Paula Mitchell Marks is an American historian specializing in U.S. women’s history and the history of the American West. She was a finalist for the 1999 Pulitzer Prize for history for her book, In a Barren Land: American Indian Dispossession and Survival.

==Education==
Marks received her Ph.D. in American studies from the University of Texas at Austin in 1987.

==Career==
Marks is professor emerita of American studies at St. Edward’s University in Austin, Texas. She held a number of previous positions at St. Edward's University, including associate dean and director of the Master of Liberal Arts program.

Her book In a Barren Land: American Indian Dispossession and Survival, which chronicles how the U.S. government and white settlers worked together to seize land from Native Americans, was a finalist for the 1999 Pulitzer Prize in History. Her earlier book, Precious dust: The American gold rush era, 1848-1900, received the 1994 Spur Award for Nonfiction-Historical from Western Writers of America.

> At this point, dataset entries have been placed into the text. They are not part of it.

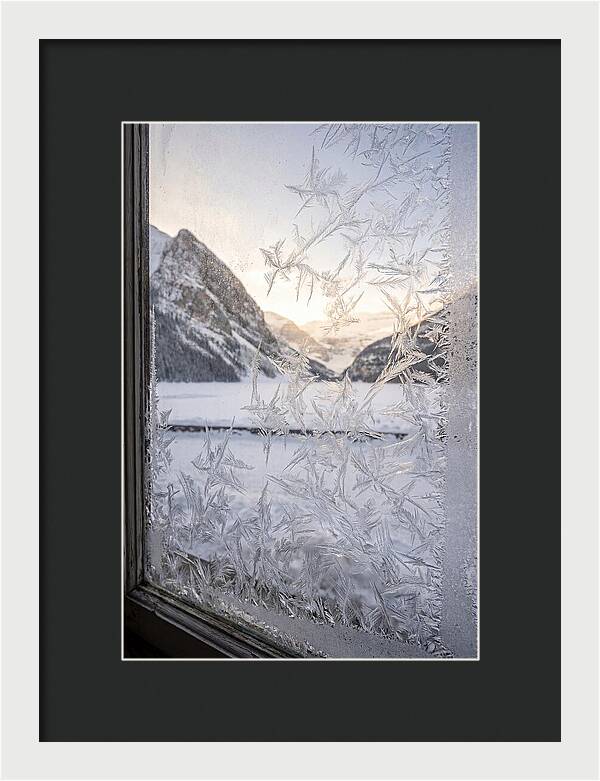 Ice Crystals On Frosted Glass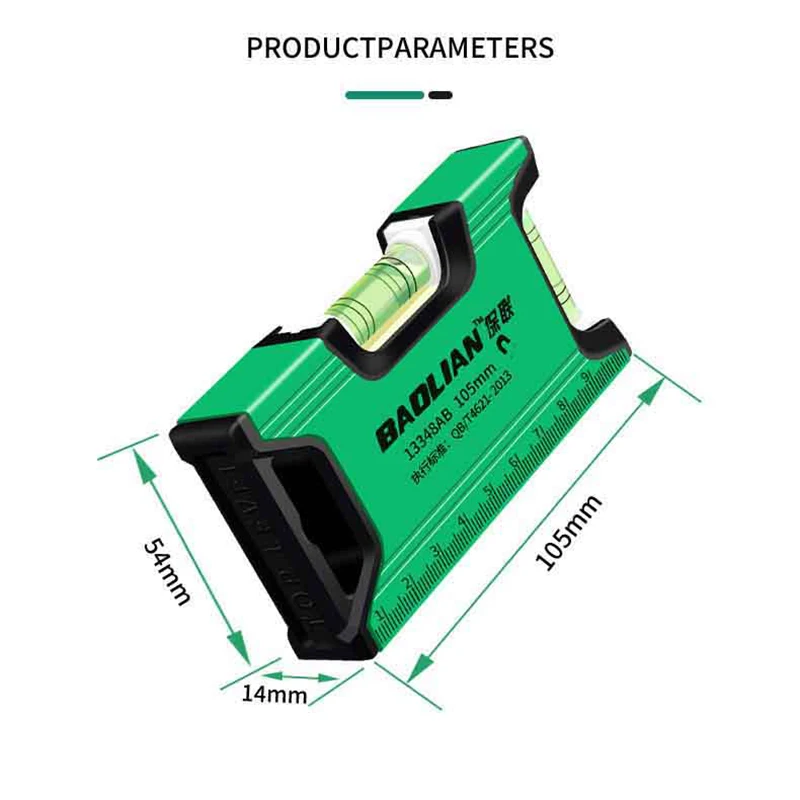 Horizontal Vertical Measure Metric Ruler Spirit Level Strong Magnetic Mini Aluminum Alloy Ruler Portable Decoration Special Tool
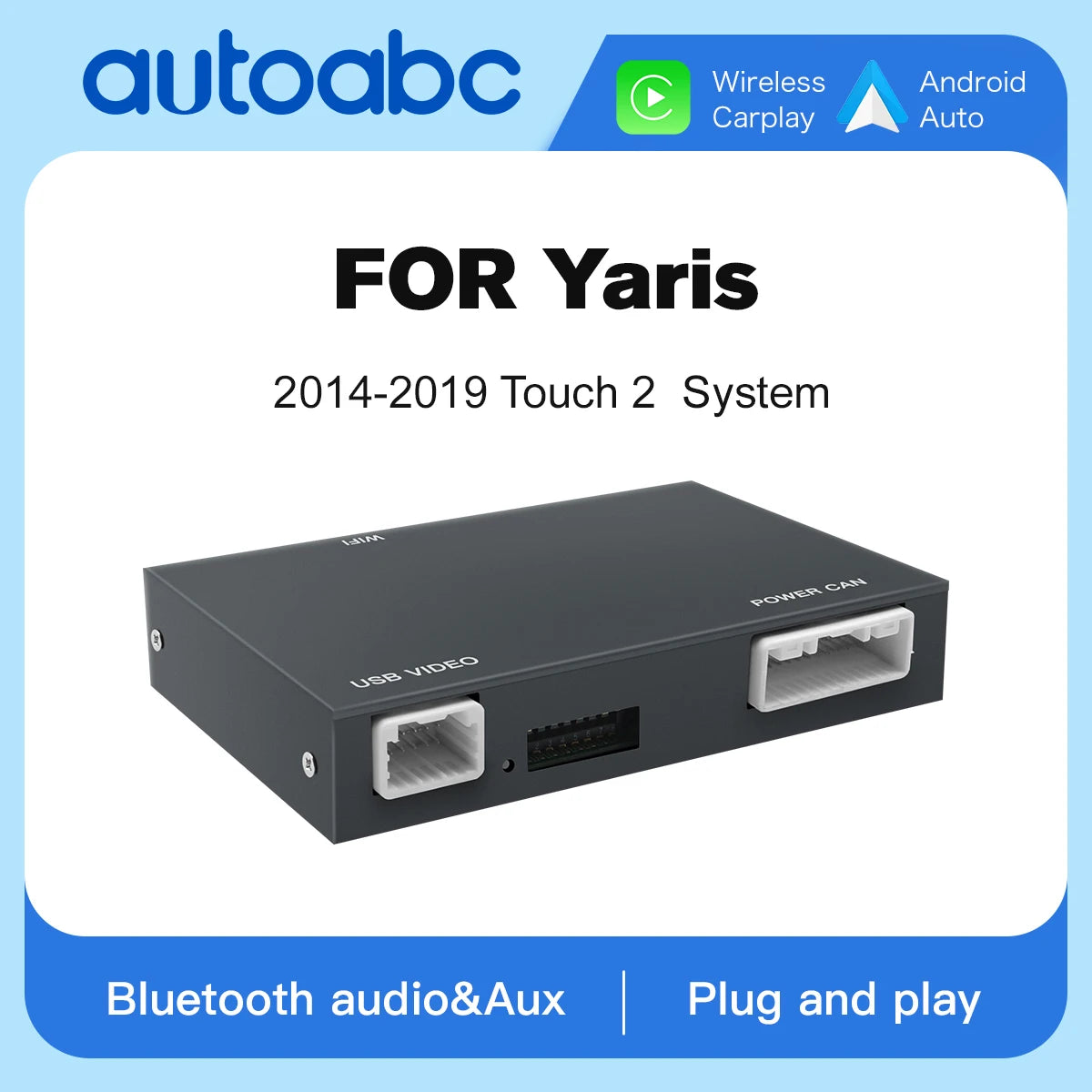AUTOABC Wireless Carplay Android Auto For Toyota Yaris With Multimedia Accessory Mirror Li
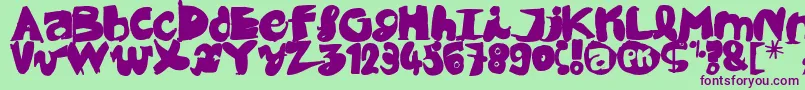 Black CoBrA Font – Purple Fonts on Green Background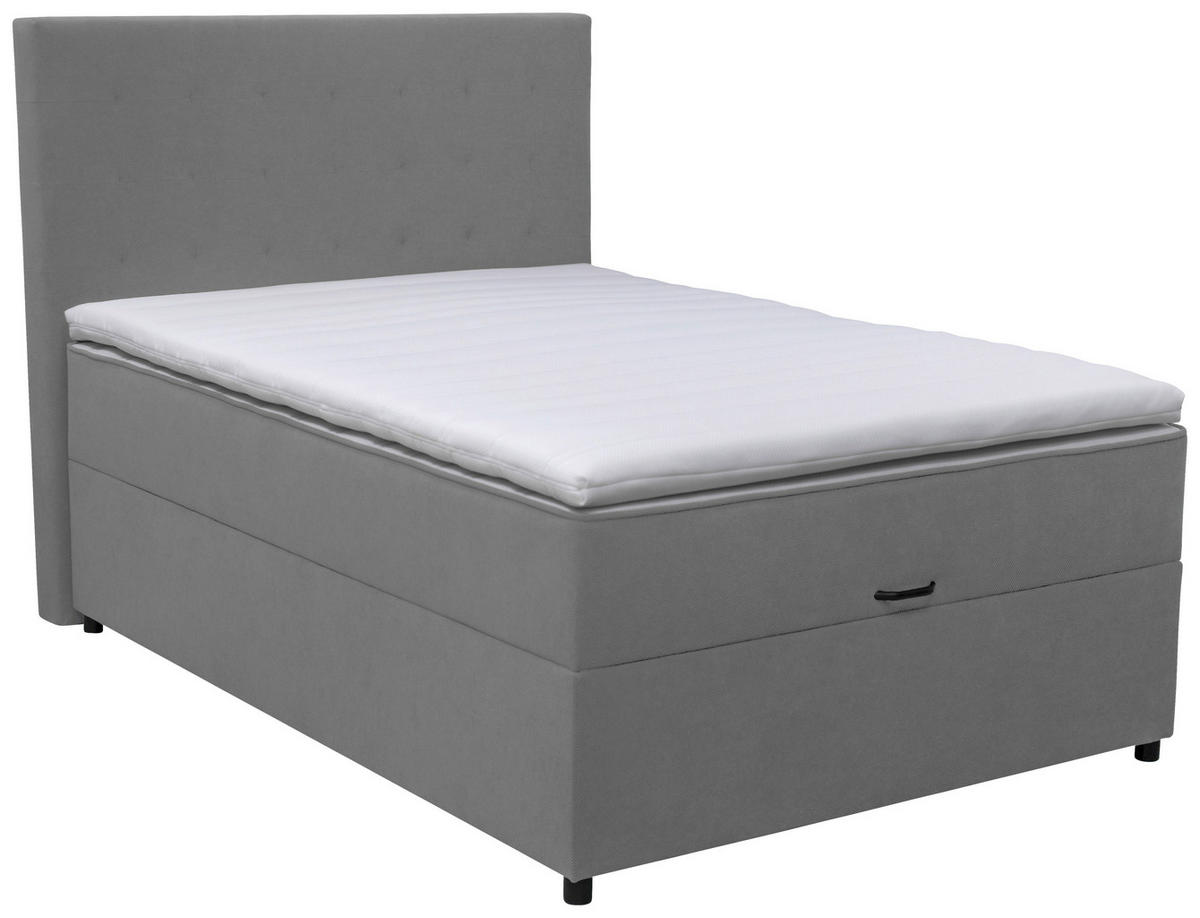 BOXBETT 100/200 cm  in Grau  - Schwarz/Grau, Konventionell, Kunststoff/Textil (100/200cm) - Moderano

Marks served on the boards of the Western Writers of America and the Texas Institute of Letters. In 2015, she became vice president of the Texas State Historical Association, more than thirty years after first joining the association as a graduate research assistant.

==Publications==
- And die in the west: The story of the O.K. Corral gunfight. Norman: University of Oklahoma Press, 1989.
- Precious dust: The American gold rush era, 1848-1900. New York: W. Morrow, 1994.
- Hands to the spindle: Texas women and home textile production, 1822-1880. College Station, Tex: Texas A & M University Press, 1996.
- Precious dust: The saga of the western gold rushes. Lincoln: University of Nebraska Press, 1998.
- In a barren land: American Indian dispossession and survival. New York: William Morrow, 1999.
- When will the weary war be over?: The Civil War letters of the Maverick family of San Antonio. Dallas: The Book Club of Texas, 2009.

==Exhibition==
- Women Shaping Texas in the 20th Century. Bullock Texas State History Museum. 2012-2013.